> **What to produce**
Leaving out all pictures, write out word for word the lines from the one containing "Anti-OGA Polyclonal Antibody" to the end of the data below.

> **Raw data**
···
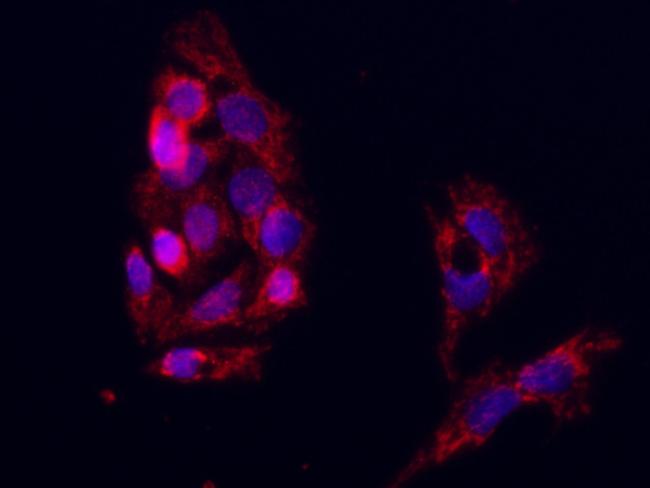 CD103 Antibody in Immunocytochemistry (ICC/IF)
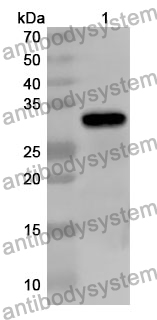 Anti-OGA Polyclonal Antibody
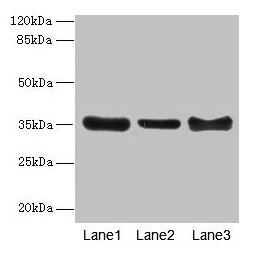 ZNF625 Antibody - Western blot All lanes: ZNF625 antibody at 4µg/ml Lane 1: Mouse brain tissue Lane 2: Mouse lung tissue Lane 3: Mouse ovarian tissue Secondary Goat polyclonal to rabbit IgG at 1/10000 dilution Predicted band size: 35, 43 kDa Observed band size: 35 kDa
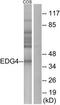 Lysophosphatidic Acid Receptor 2 antibody, TA314870, Origene, Western Blot image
···
> **Answer**
 Anti-OGA Polyclonal Antibody
 ZNF625 Antibody - Western blot All lanes: ZNF625 antibody at 4µg/ml Lane 1: Mouse brain tissue Lane 2: Mouse lung tissue Lane 3: Mouse ovarian tissue Secondary Goat polyclonal to rabbit IgG at 1/10000 dilution Predicted band size: 35, 43 kDa Observed band size: 35 kDa
 Lysophosphatidic Acid Receptor 2 antibody, TA314870, Origene, Western Blot image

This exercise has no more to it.